A Downing Street spokesman said: "As you would expect, the prime minister spoke to Sir Alex Allan to further his understanding of the report. Sir Alex's conclusions are entirely his own."

Labour called for an urgent investigation and called for the "initial, unedited report" to be published in full.

Shadow Home Office Minister Holly Lynch said: "These are serious allegations that suggest Boris Johnson tried to interfere with an investigation into bullying accusations against one of his closest political allies."

The former home secretary Ken Clarke has expressed concern over the prime minister’s refusal to sack Priti Patel, despite a formal investigation finding evidence that she had bullied civil servants. He said: “It was assumed before that if an investigation was taken this far and if anyone was found to have broken the ministerial code, I don’t think anyone would have doubted the minister, to use the old phrase, would have to consider his or her position,” he said.

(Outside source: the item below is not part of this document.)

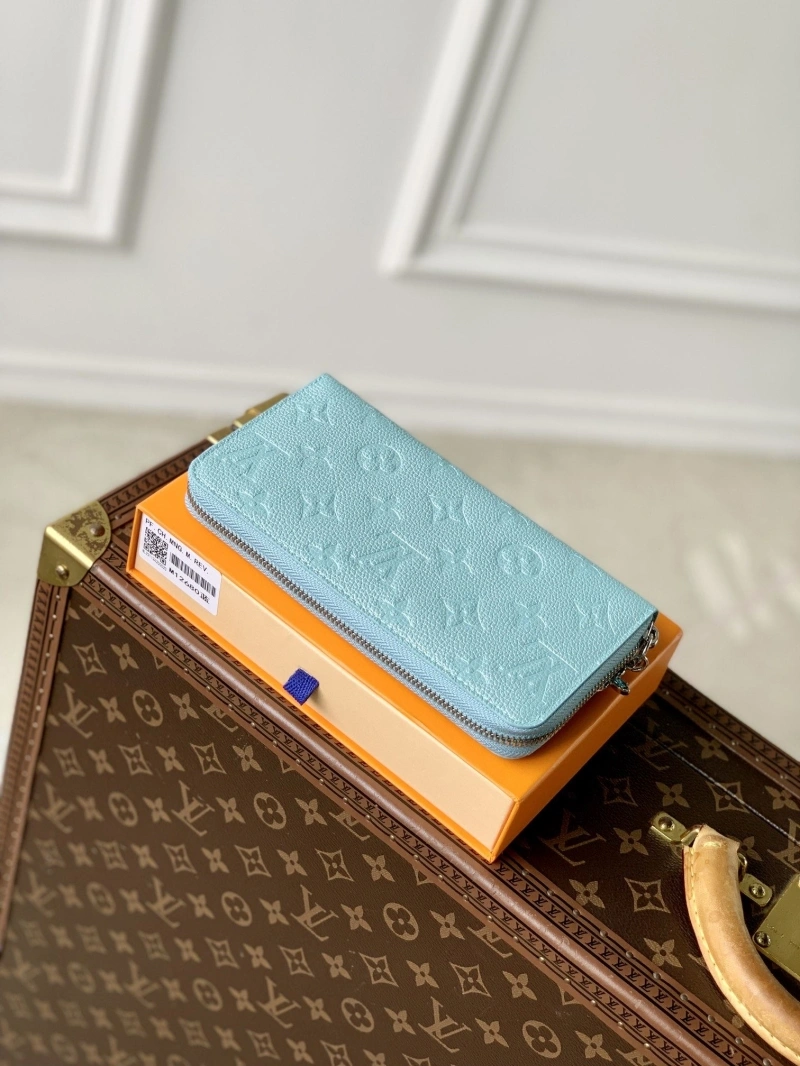 LV Wallets 4048A-0137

Clarke said he was particularly worried by the resignation of Sir Alex Allan, the prime minister’s ethics adviser, whom he described as “quiet and reasonable”.

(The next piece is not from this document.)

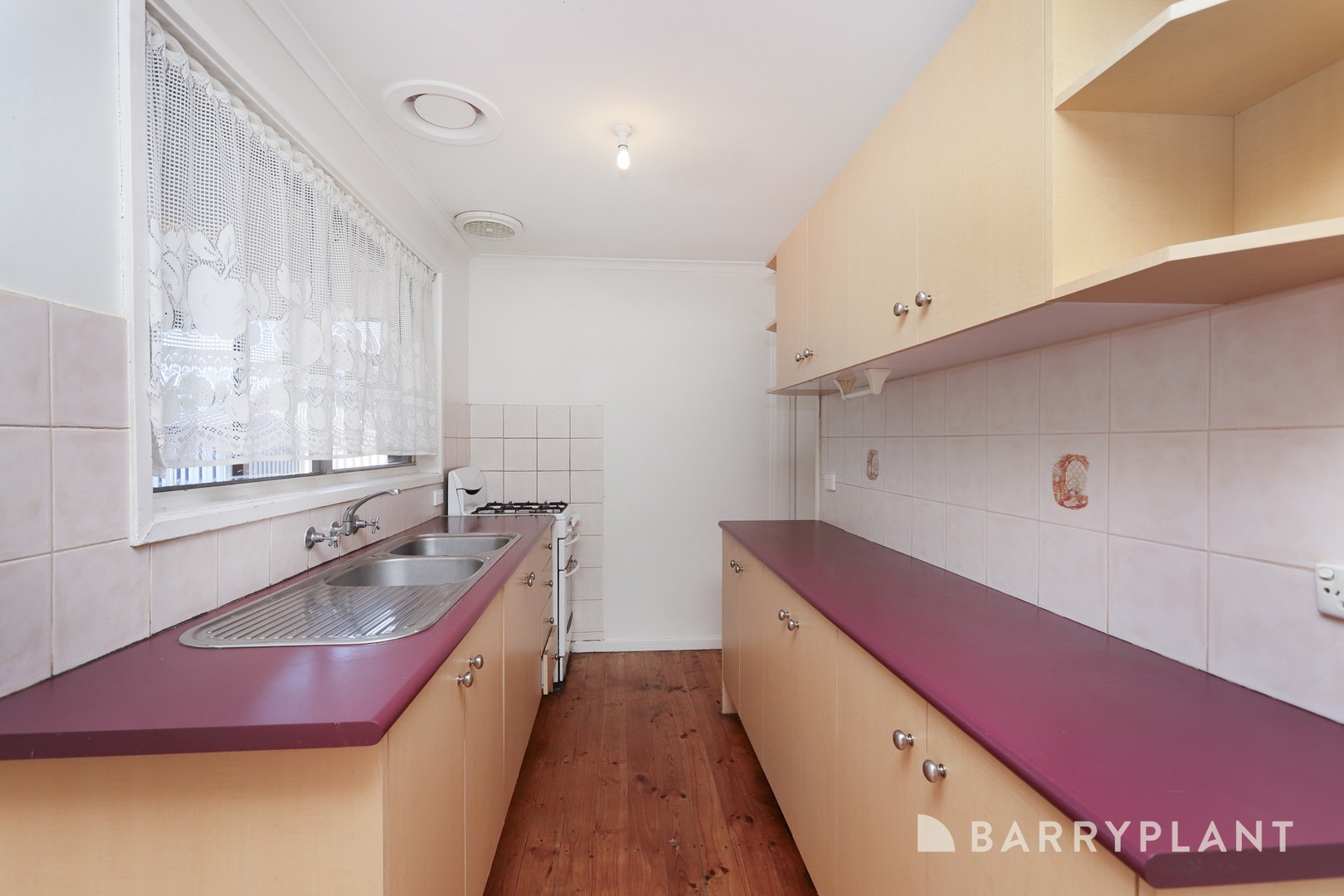 33 McCoubrie Street, Sunshine West, VIC 3020, Sunshine West - Thumbnail 6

The former Home Office permanent secretary Sir David Normington also criticised Boris Johnson for backing Patel, condemning the decision as “completely unacceptable”. Normington said it was “the first time as far as I can remember we have a prime minister that doesn’t seem willing to stand up for high standards in public life”.

He told BBC Radio 4: “There needs to be a recognition from her [Patel] and the prime minister that she was found to have bullied staff, possibly in three departments not just the Home Office, and that is completely unacceptable.”

“The prime minister has simply put aside the findings of a report, and of the independent adviser, Sir Alex Allan, that she is a bully and you shouldn’t have bullies in government. We have to put ourselves in the position of the bullied. No one has spoken up for them, some of them are junior staff and who will be sitting there today thinking that their voice has not been heard and you cannot rely on the prime minister to stand up for them.”